I'm intentionally not posting a full walkthrough with all the juicy details for a few reasons:
Full (and better) walkthroughs already exist online.
By not posting the full details, it allows you the chance to get just a little push in the right direction without ruining the entire challenge.
I like to show my full thought process as I do a whole lot of stuff wrong before I start making good progress. We can both likely learn something from that :-)
- Note: My experience with this VM is that sometimes after a reboot, the Web service would be in a crashed/broken state, which forces you to reimport the VM from scratch. Eventually I just did a fresh import, got the network config'd the way I wanted it, and made a snapshot. That way you can just roll back with easy if the VM gets borqued.
An NMAP scan of this site reveals only port 80 open in what looks to be a Drupal site. I learned during the OSCP that hitting the /changelog.txt of a Drupal site should reveal its current version.
In looking for specific vulnerabilities that apply to that version, I found one that could create an admin account without knowing existing admin credentials. From there, I was able to enable PHP code in Drupal content, and create a static page with a reverse shell. When the page was saved, it executed the PHP and got me a low-priv shell.
Sometimes not only will you have a low priv shell, but it will be a low functioning shell where many commands won't work. In that case, it's worth trying to "upgrade" the shell with:
python -c 'import pty; pty.spawn("/bin/bash");'
From there, I used the low-priv shell to further explore the Drupal config, and buried in a settings file I found some database credentials. They didn't work to escalate privs to root, but again, going back to fundamental enumeration and figuring out what users and other variables exist on the system, I was able to try some basic passwords and escalate to another user on the machine.
At this point I started looking for kernel exploits or other avenues to grab root access. My searches came up dry, so I went back to reread the VM description on Vulnhub.com. In that blurb is a hint about reading another user's email, so I went after the mail folders/files, and from that information I learned that an important file existed on the box that was encrypted. The password for the encrypted file was supposedly going to be a certain length, might mention a certain educational institution, and might be cracked with a specific word list.
However, I couldn't get to that file without my root access, so I continued poking around the box, trying to see if there were mail services or other things I missed that might help me get that root foothold. After wanting to jab my eye with a dull hairbrush for an hour or so, I walked away for a while. When I came back I went back to basics once again and was able to guess the root password pretty quickly.
Now with root access I could browse to the .tc file and attempt to crack it. A little Googling revealed that the built in tool Truecrack would be perfect for this. However, I had some issues getting it to run right. First it would bomb out about 5 minutes into running the file against a word list.

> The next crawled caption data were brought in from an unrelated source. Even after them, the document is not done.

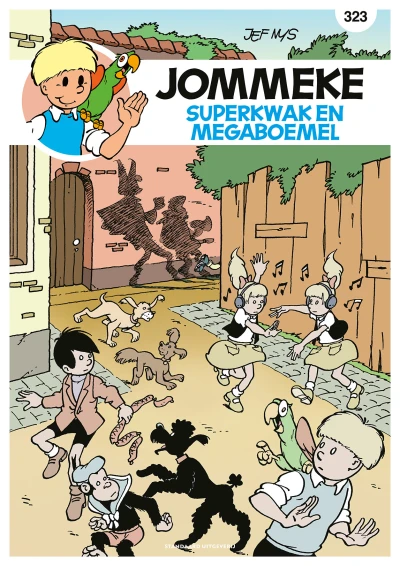 Cover of Superkwak en Megaboemel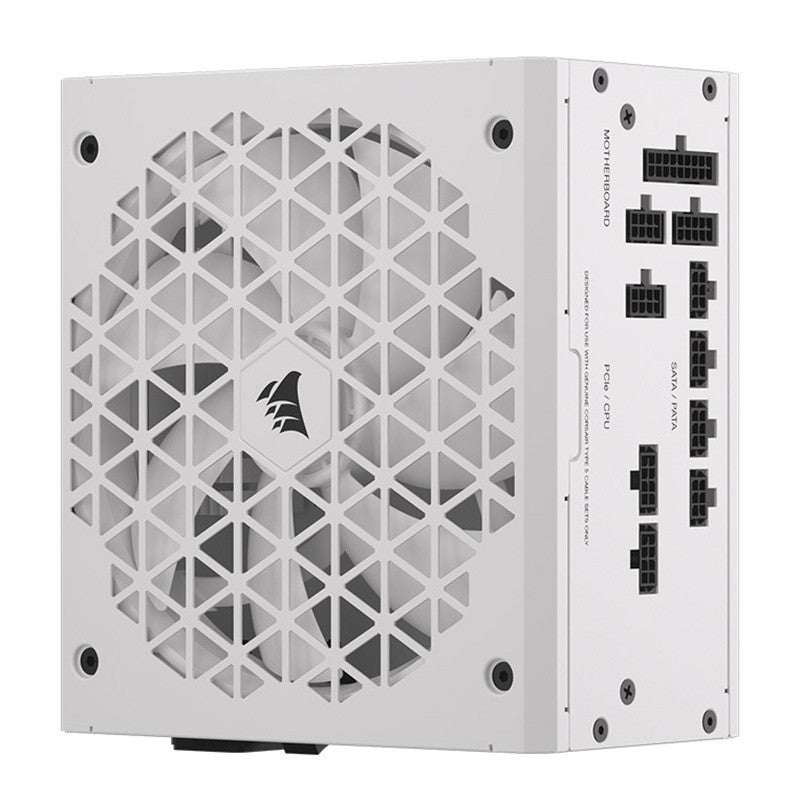 Corsair RM750x SHIFT 750W 80+ Gold Fully Modular ATX Power Supply - White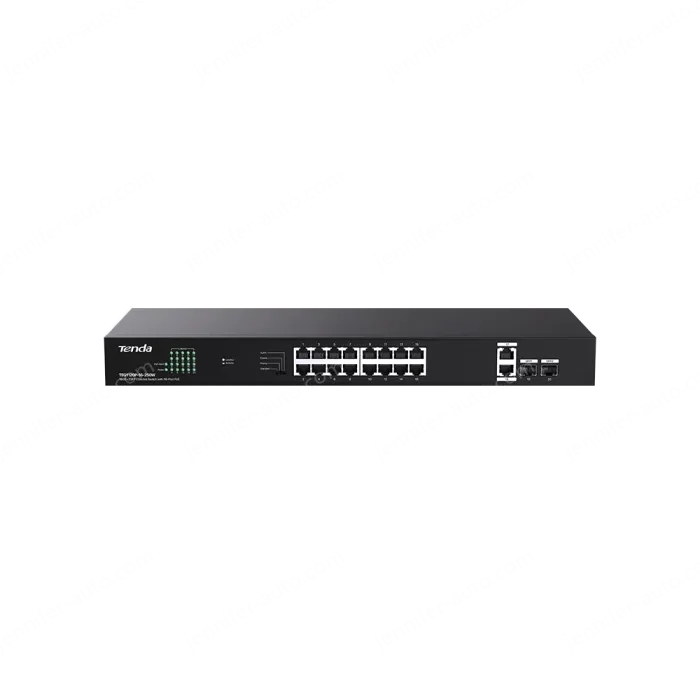 18GE+2SFP Ethernet Switch With 16-Port PoE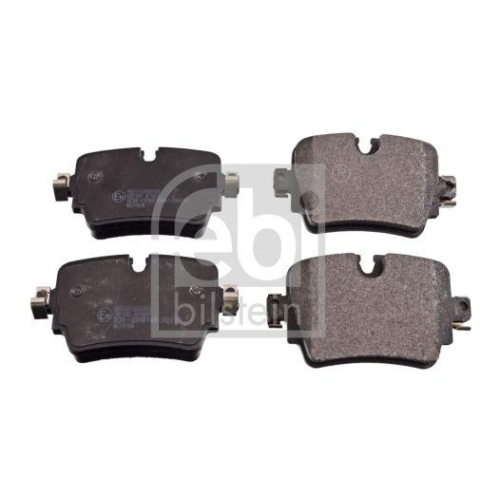 Brake Pad Set Disc Brake Febi Bilstein 116416 for Jaguar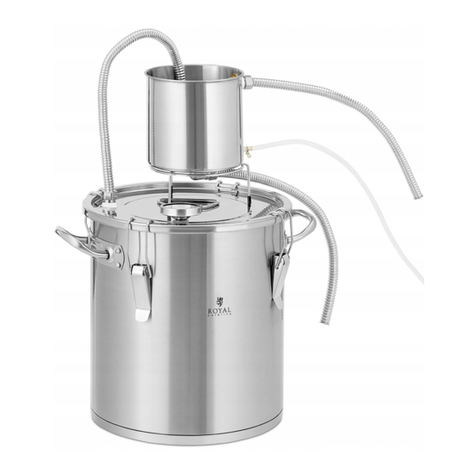 Royal Catering RC - DSS20 user manual
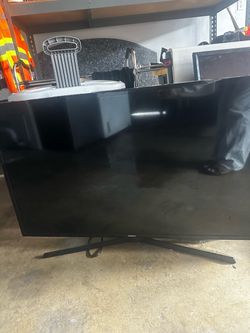 Samsung Flat Screen TV with Stand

So I did a bit of checking around and discovered I wasn't running the latest build. I grabbed the newest, installed it, and also took a Serverfault article's advice and compiled it for a CPU-only configuration. This time when the cracking operation ran, the tool remained stable for several hours. I went to bed thinking I'd wake up to some good news!
That bad news is I woke up to see a "Segmentation Fault" error on my screen. It looked like the app had quit about halfway through my word list. I went back to the hint I found in the mail archive about what the password might be. I had to look online for a hint as far as what the educational institution name had to do with the password, but once I had that information, I was able to parse a large wordlist down to something a little more manageable, and this time Truecrack cracked it!
It looks like a Linux version of TrueCrypt isn't installed by default in Kali anymore, so I downloaded an alternative tool which was able to mount and explore the container with no problems. Once inside the container, look carefully as you may have to do some digging to find the congratulatory note buried inside letting you know you've pwned the box!